Вот еще под Конногвардейским бульваром лежит коллектор старый, он сейчас не используется, высота 7 метров, ширина 4 метра. Его надо песком засыпать, а то может когда-нибудь обрушиться. Он кирпичный, под охраной КГИОП. Может, пройдет время, и кто-нибудь вынет песок, чтобы организовать там пивной бар или открыть арт-галерею.
– Очистим 100% стоков – и не будет проблем с канализацией?

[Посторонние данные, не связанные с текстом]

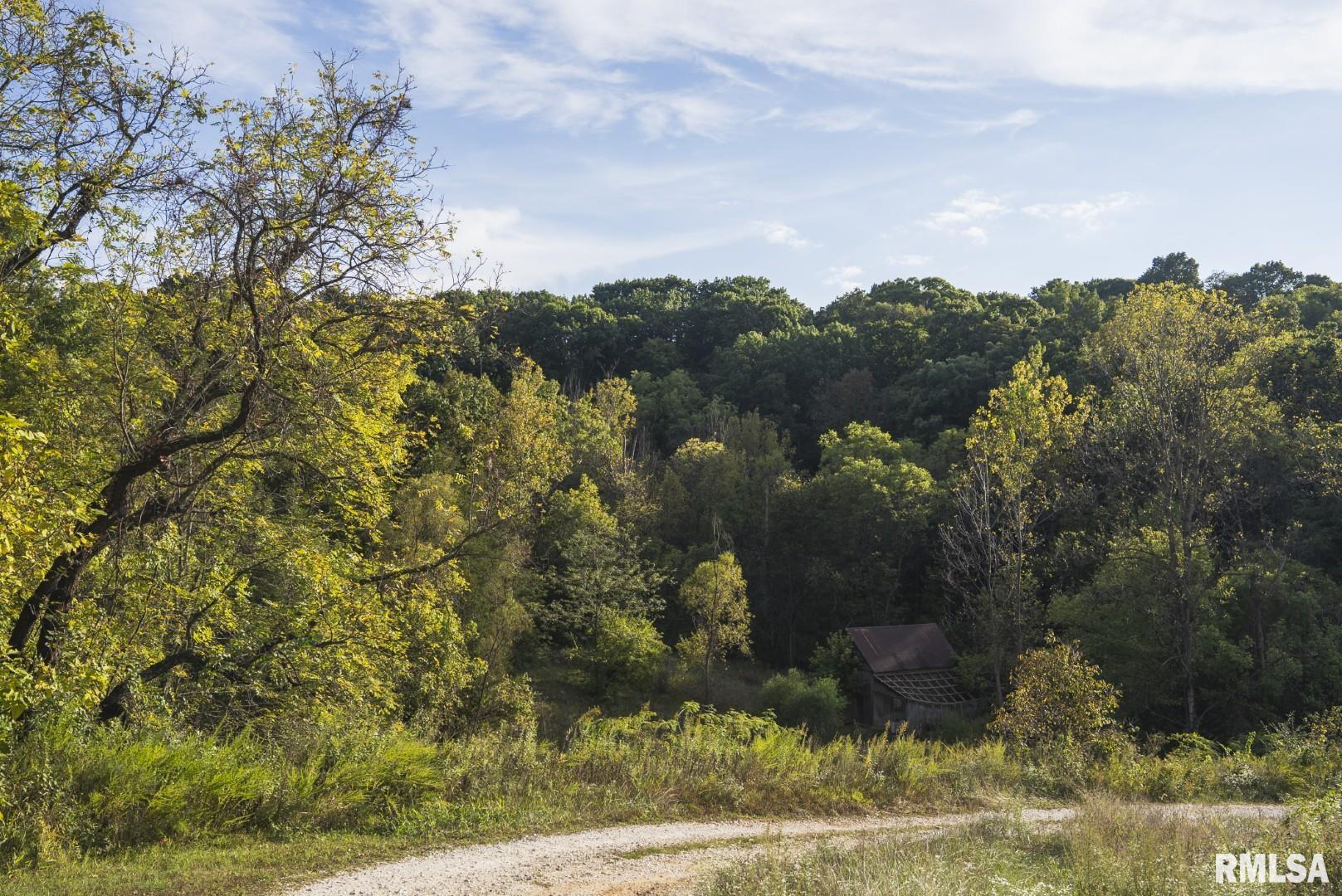 2145 Wildcat Hollow Road Nebo, IL 62355 - Photo 62 of 89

– Есть побочная проблема – осадок очистных сооружений. Мы сточную воду очищаем, очищенная вода уходит в залив, но грязь остается. Сегодня мы этот осадок сжигаем. А правильно ли это? На данном этапе развития науки и техники, – правильно. Но в перспективе – нет, ведь это же чистая органика. При том дефиците органики, который существует в мире, а особенно, при том дефиците органики, который существует на Северо-Западе.
На дачу к себе поезжайте, копните землю на 15-20 сантиметров вглубь и посмотрите – плодородный слой закончился, дальше песок, глина. Что может расти на такой земле? А мы в это время сжигаем миллионы тонн органики только потому, что пока не знаем, как эту органику можно привести в полезное состояние. Я думаю, что скоро найдутся способы доведения всего этого до ума. Что научимся использовать органику.
Ведь смотрите, сколько у нас на сегодняшний день разрушено земель карьерами. Добывали, добыли, бросили – остались золоотвалы, хвосты рудные. А если бы ту органику, которую сегодня вытаскиваем мы, с определенными веществами смешать и заплатить копейки за рекультивацию этих полигонов, мы бы каждый год вводили в оборот новые тысячи гектар.
Да, наверное, там нельзя выращивать рожь, овес, ячмень. Но дерево-то можно выращивать? Или кусты – вполне. По сути дела, мы бы постепенно начали возвращать все то, что взяли у природы. Или вырубили лес – для того чтобы вырос новый, нужно 50 лет. Но если удобрить этой органикой, то срок можно лет на 20 сократить
– Что через 20 лет в России будет – знаете?
– Могу сказать одно: ни у кого даже вопросов не будет возникать, можно ли пить воду из-под крана.